Taşıdığımız Türk pasaportuyla ileride gurur duyacağımızı…
Dünyada tüm kapıların bu pasaporta açılacağını anlatırdım.
Lakin…
Şu son üç senede…
İnancımı sarsan, hayal edemeyeceğim gelişmeler oldu.
Haliyle…
ABD'ye uçan hamile kadınlarımızı kınamaktan vazgeçtim.
**
Yakın çevrem başta olmak üzere son zamanlarda sıklıkla şunu işitiyorum:
“Artık Türkiye'de yaşamak, çocuğumu burada okutmak istemiyorum.”
İmkânı olsun olmasın…
Pek çok dost muhabbetinde de konuşuluyor bu.
**
Gazetecilikte bir numaralı usta öğreticim Ufuk Güldemir'dir.
12 Eylül darbesini takip eden yıllarda Cumhuriyet'in Washington temsilciliğini yaptı.
7 yıl Amerika'da kaldı.
Kızının mezuniyetine giderken anlatmıştı.

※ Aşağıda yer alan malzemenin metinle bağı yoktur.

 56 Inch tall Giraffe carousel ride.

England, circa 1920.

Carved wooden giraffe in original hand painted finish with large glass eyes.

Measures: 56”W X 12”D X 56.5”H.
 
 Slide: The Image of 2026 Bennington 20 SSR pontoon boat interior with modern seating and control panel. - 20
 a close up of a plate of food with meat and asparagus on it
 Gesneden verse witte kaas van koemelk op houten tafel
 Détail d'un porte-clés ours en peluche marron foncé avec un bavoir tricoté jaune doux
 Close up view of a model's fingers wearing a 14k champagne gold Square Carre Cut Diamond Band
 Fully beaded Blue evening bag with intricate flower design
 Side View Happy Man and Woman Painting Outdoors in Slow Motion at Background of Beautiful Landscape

“Green Card” hakkı tanınmış fakat almaya tenezzül etmemiş.
Hayretle dinlemiştim.
Çünkü…
Green Card, ABD'de oturma ve çalışma hakkı verir, vatandaşlık değildir.

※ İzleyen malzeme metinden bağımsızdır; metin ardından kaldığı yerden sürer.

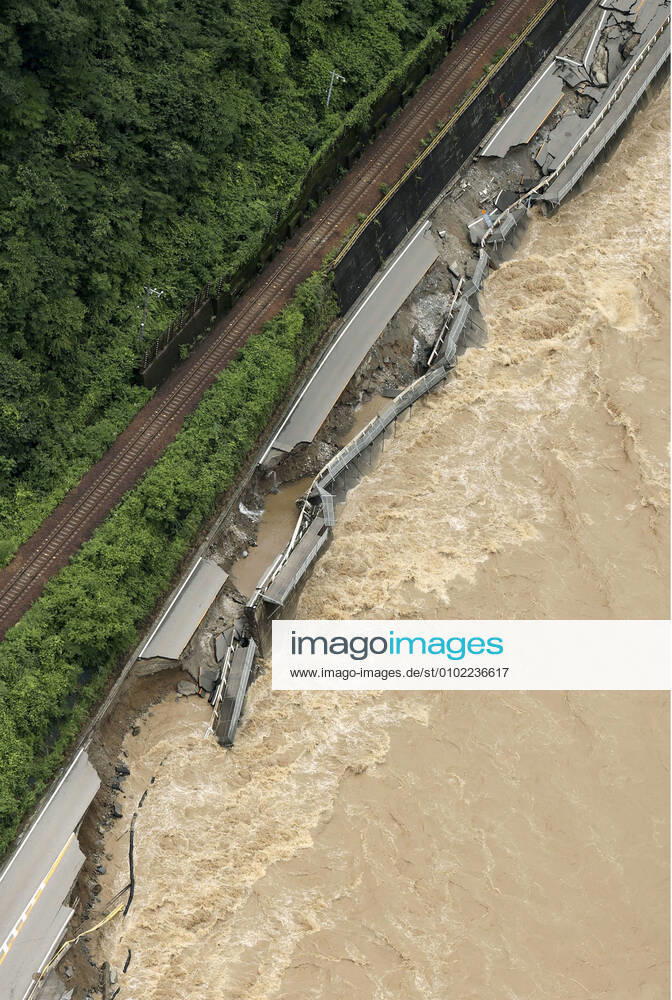 Torrential rain in central Japan Photo taken from a Kyodo News helicopter on July 8, 2020, shows a collapsed section of national road Route 41 after torrential rain caused the Hida River in Gero in Gifu Prefecture, central Japan, to swell.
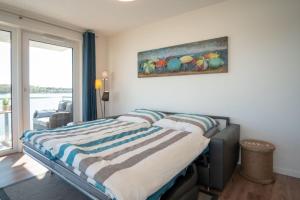 Postel nebo postele na pokoji v ubytování Apartmenthaus-Kiki-Wohnung-Kiek-in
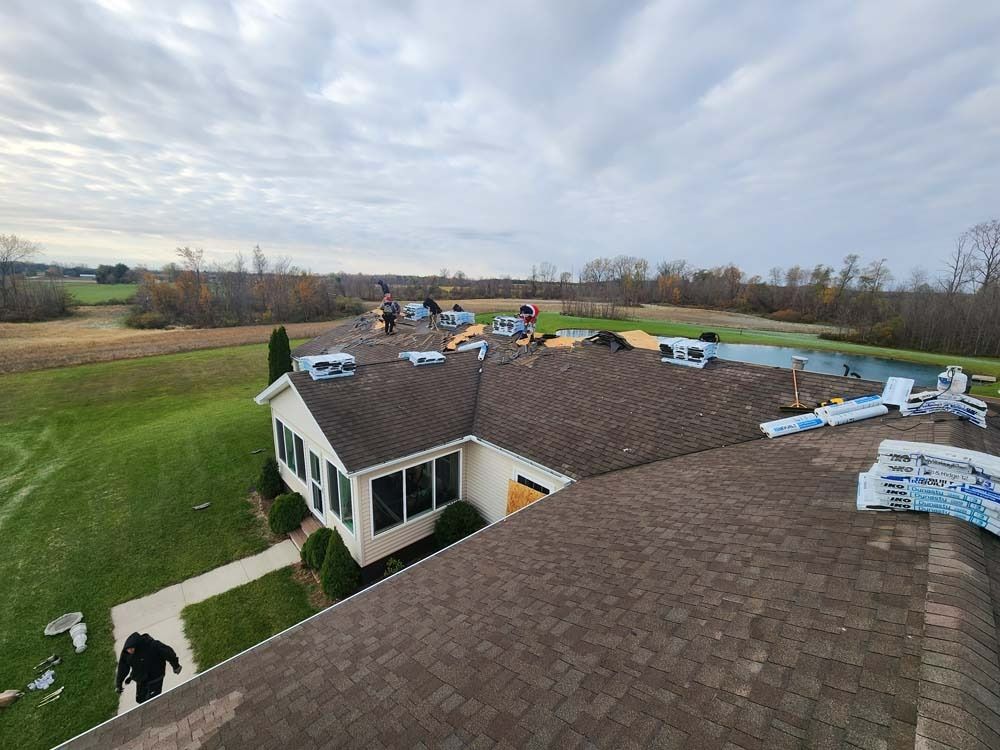 An aerial view of a house with a roof being installed.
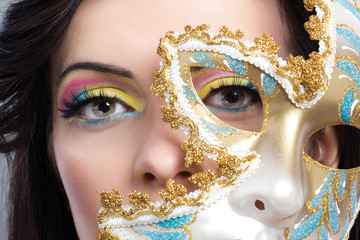 beautiful young woman with mysterious venetian mask close up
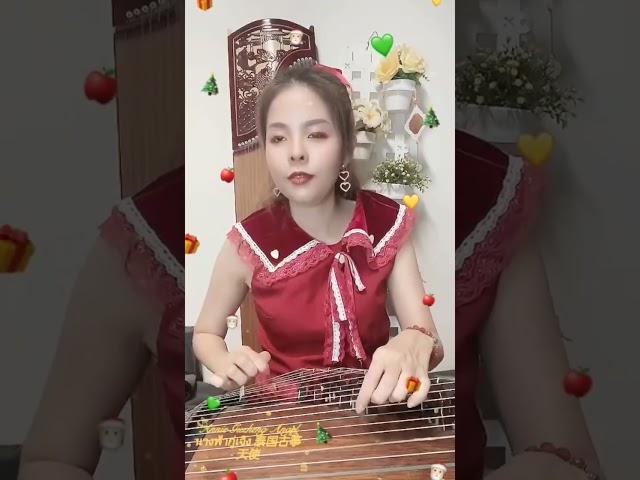 Merry Christmas ￼ #พิณจีนเสียงสวรรค์ #chinesemusic #guzheng #ดนตรีจีน #古筝 #泰国古筝天使 #music #กู่เจิง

Bu kadar titiz bir adamdı.
**
Türkiye'de insanlar yurdu terk etmeyi düşünürken…
Dışarıdaki itibarımız ne durumda, merak ediyor musunuz?
TV'ler vermediği için, görülmüyor.
Misal:
İngiltere, 23 Haziran'da referanduma gidiyor.
Avrupa Birliği'nde kalıp kalmamayı oylayacak.
AB'den çıkmak isteyenlerin bir numaralı malzemesi, Türkiye.
Propagandalarını, “Türkiye'den müthiş bir göç dalgası olacağı” üzerine oturtmuşlar.
Oysa…
İngiltere, ne ortak para birimini (Euro) kullanıyor, ne de “Schengen” bölgesi içinde.
Başbakan David Cameron, “Türkiye'nin 3000 yılına kadar AB'ye giremeyeceğini” söyledi, geçenlerde.
Halbuki, aynı Cameron…
2010'daki Ankara ziyaretinde, “Türkiye'nin AB üyeliğini hararetle desteklediğini ve en güçlü savunucusu olduğunu” belirtmişti.
**
Durumumuz budur.
Müthiş bir geriye gidiş var.
İngiltere, hayallerimizi bin yıl öteye fırlatıp atmış olabilir.
Başta açık bıraktım, öyle bitireyim:
Bir gün, pasaportumuzu gururla taşıyacağımıza ve pek çok ülkeye vizesiz gireceğimize inancım sürüyor.
Olan bitenin bizi gerilettiğini değil…
Bilakis süreci hızlandırdığını düşünüyorum.